**Material for this task**
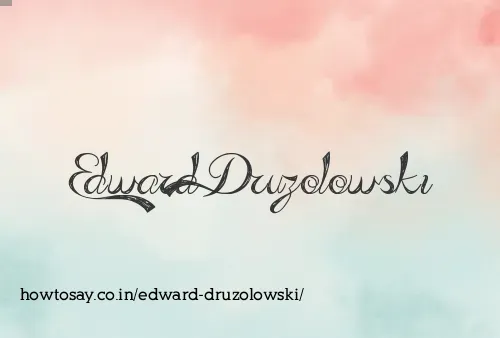 Edward Druzolowski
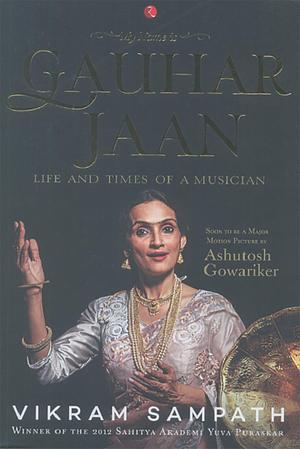 My Name is Gauhar Jaan: The Life and Times of a Musician by Vikram Sampath, Vikram Sampath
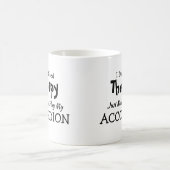 U kunt tekst wijzigen - Geen therapieccordion nodi Koffiemok (Center)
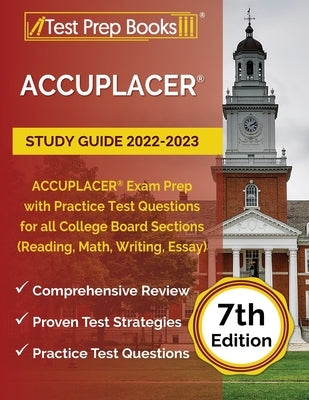 ACCUPLACER Study Guide 2022-2023: ACCUPLACER Exam Prep with Practice Test Questions for all College Board Sections (Reading, Math, Writing, Essay) [7t by Rueda, Joshua
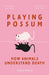 Playing Possum: How Animals Understand Death by Susana Monsó
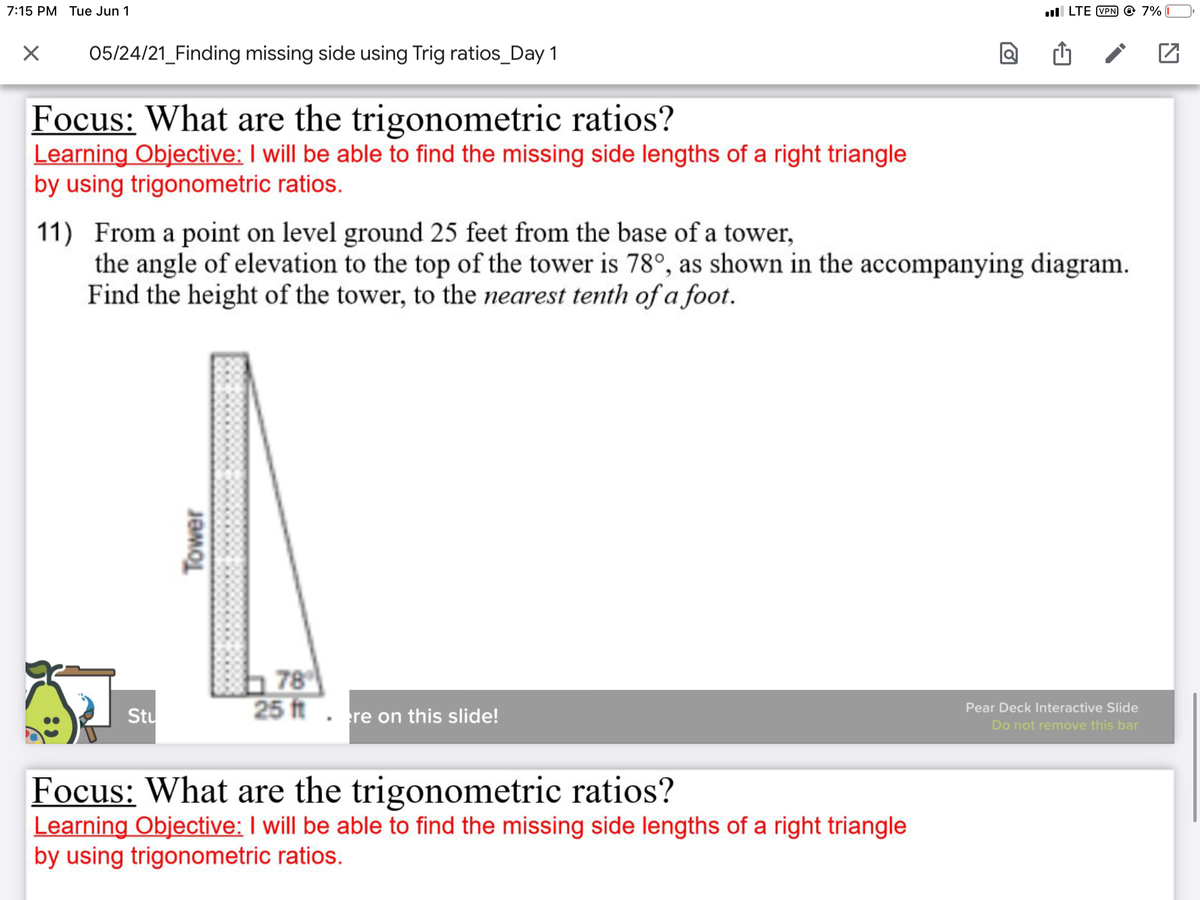 7:15 PM Tue Jun 1
ll LTE VPN © 7% I
05/24/21_Finding missing side using Trig ratios_Day 1
Focus: What are the trigonometric ratios?
Learning Objective: I will be able to find the missing side lengths of a right triangle
by using trigonometric ratios.
11) From a point on level ground 25 feet from the base of a tower,
the angle of elevation to the top of the tower is 78°, as shown in the accompanying diagram.
Find the height of the tower, to the nearest tenth of a foot.
b 78
25 ft. re on this slide!
Pear Deck Interactive Slide
Stu
Do not remove this bar
Focus: What are the trigonometric ratios?
Learning Objective: I will be able to find the missing side lengths of a right triangle
by using trigonometric ratios.
Tower
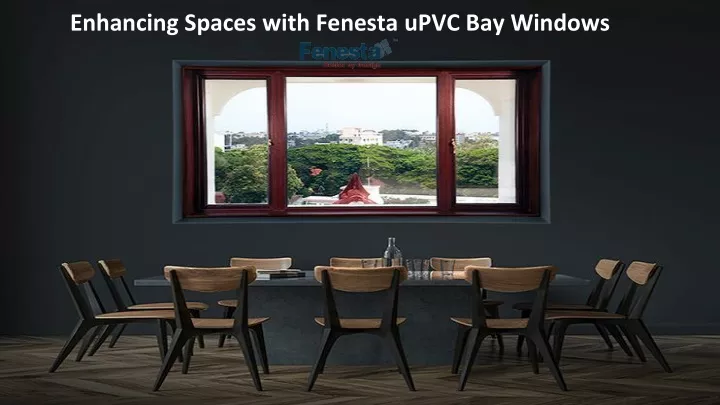 enhancing spaces with fenesta upvc bay windows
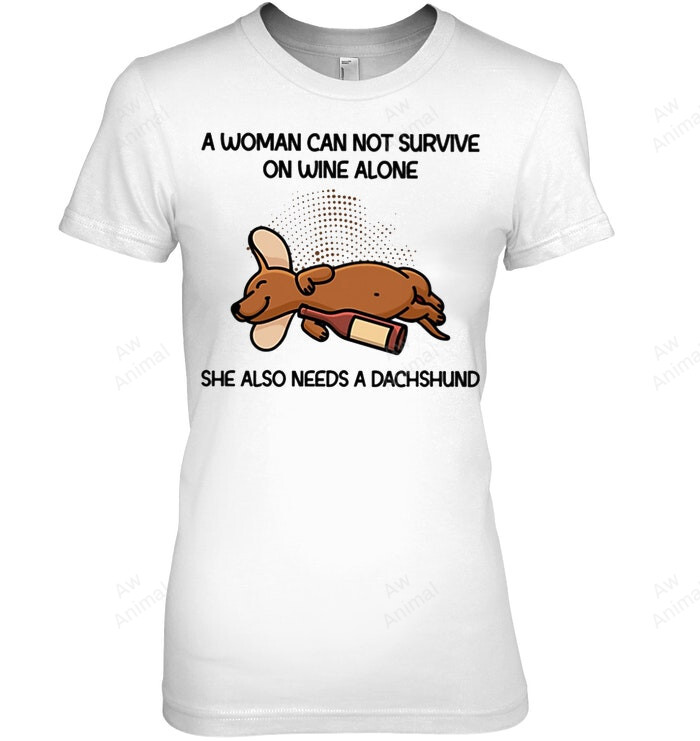 A Woman Can Not Survive On Wine Alone She Also Needs A Dachshund Women Sweatshirt Hoodie Long Sleeve T-Shirt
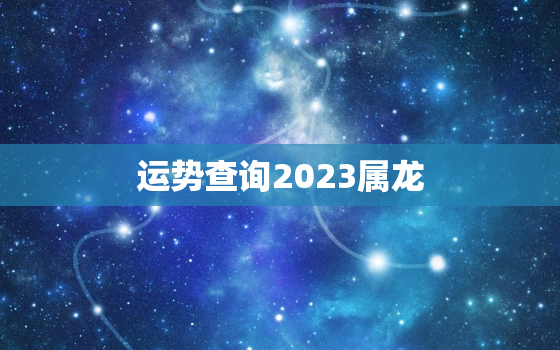 运势查询2023属龙，属龙人2023运势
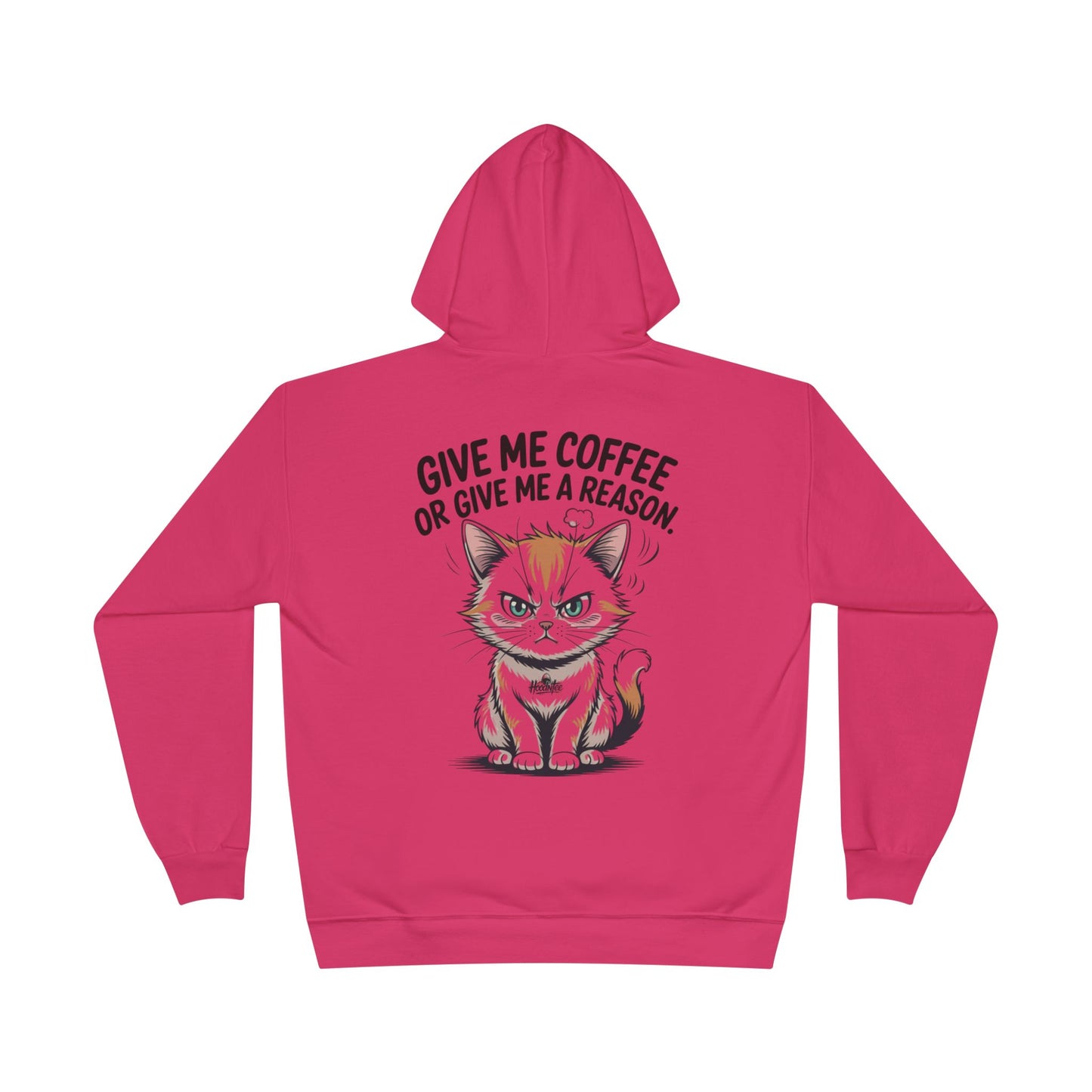 HoodnTee Hoodie - Funny Cat Coffee Hoodie – “Give Me Coffee or Give Me a Reason”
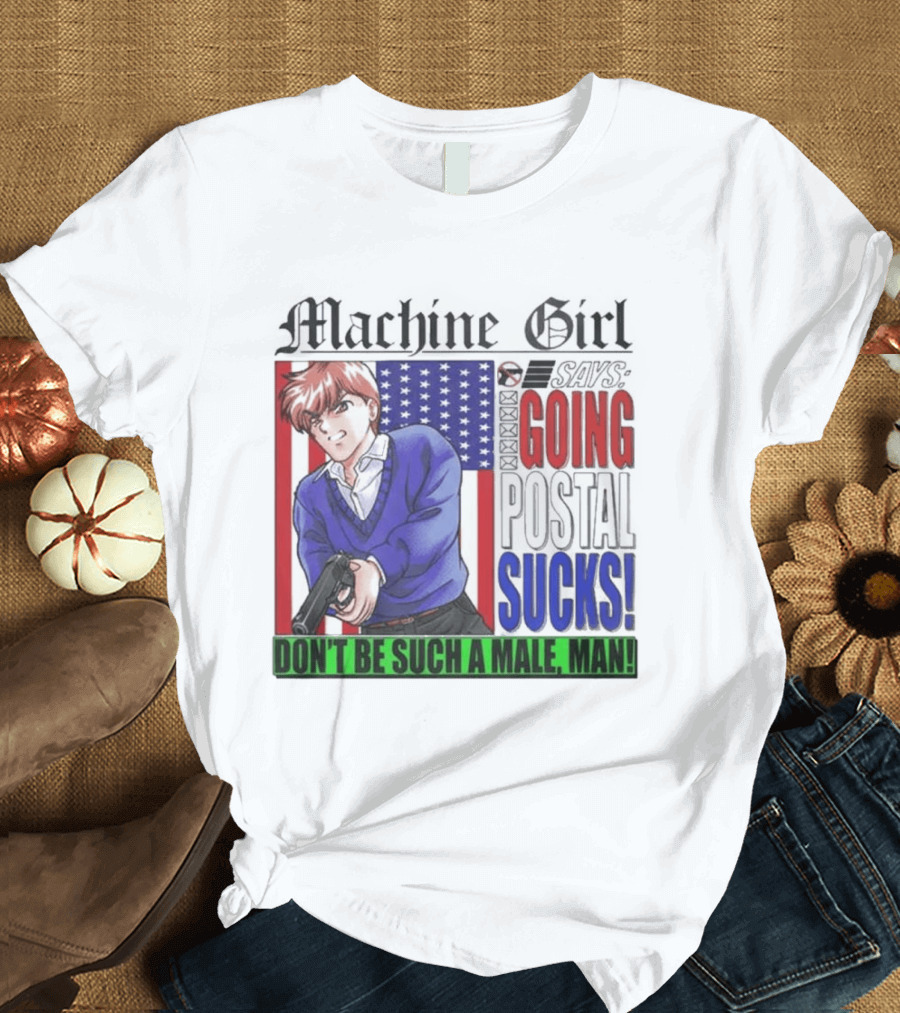 Machine Girl Going Postal Sucks Don't Be Such A Male Man T-Shirt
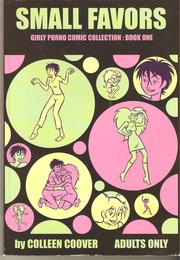 Cover of: Small Favors Volume 1 (Small Favors: Girly Porno Comic Collection)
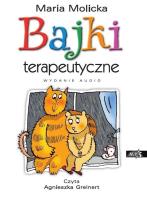 Bajki terapeutyczne audiobook. Autor: Maria Molicka. SmakLiter.pl Okładka książki Bajki terapeutyczne audiobook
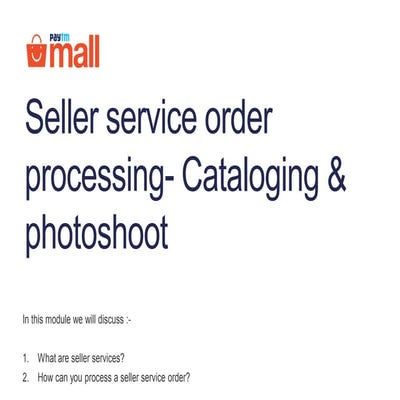 Order processing for cataloguing & photoshoot seller service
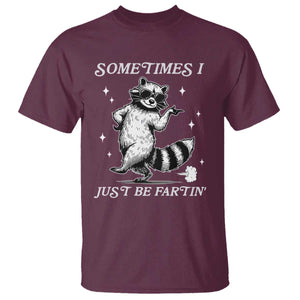 Sometimes I Just Be Fartin T Shirt Funny Raccoon Meme TS14 Maroon Print Your Wear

**Exercise description**
Set down exactly and only the lines from the line that contains "HoodnTee Hoodie - Funny" through the last line of the entries above, with both of those lines included and the pictures left out.

**Exercise solution**
 HoodnTee Hoodie - Funny Cat Coffee Hoodie – “Give Me Coffee or Give Me a Reason”
 Machine Girl Going Postal Sucks Don't Be Such A Male Man T-Shirt
 Cover of: Small Favors Volume 1 (Small Favors: Girly Porno Comic Collection)
 Bajki terapeutyczne audiobook. Autor: Maria Molicka. SmakLiter.pl Okładka książki Bajki terapeutyczne audiobook
 Order processing for cataloguing & photoshoot seller service
 Sometimes I Just Be Fartin T Shirt Funny Raccoon Meme TS14 Maroon Print Your Wear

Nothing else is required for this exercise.